WHAT IS REQUIRED |
Using the listing below, output only the lines from the one that contains "Videur professionnel des" through the one that contains "Ver imagem 2", inclusive, exactly as given and without images.

SUPPLIED RECORDS |
[Start of section]

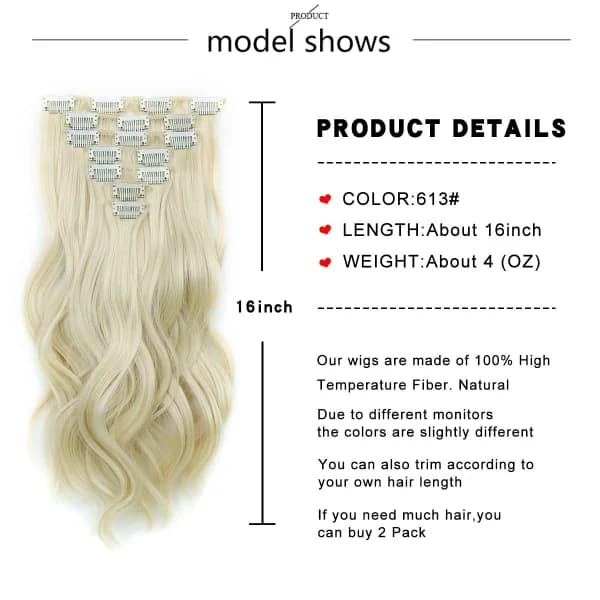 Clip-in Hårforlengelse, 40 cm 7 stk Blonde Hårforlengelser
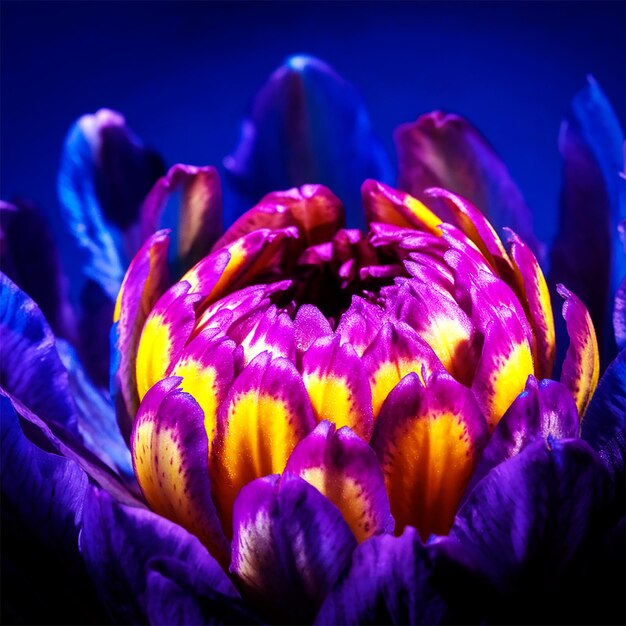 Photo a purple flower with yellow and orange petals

[End of section]
[Start of section]

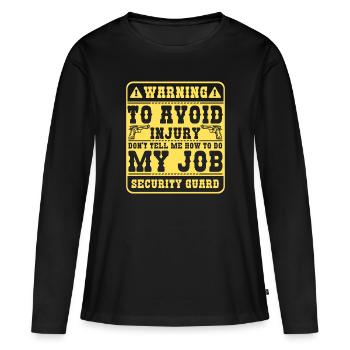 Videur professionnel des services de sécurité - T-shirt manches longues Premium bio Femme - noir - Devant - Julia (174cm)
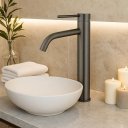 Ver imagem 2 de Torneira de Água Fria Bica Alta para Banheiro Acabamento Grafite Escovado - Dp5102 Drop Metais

[End of section]

RESULT |
 Videur professionnel des services de sécurité - T-shirt manches longues Premium bio Femme - noir - Devant - Julia (174cm)
 Ver imagem 2 de Torneira de Água Fria Bica Alta para Banheiro Acabamento Grafite Escovado - Dp5102 Drop Metais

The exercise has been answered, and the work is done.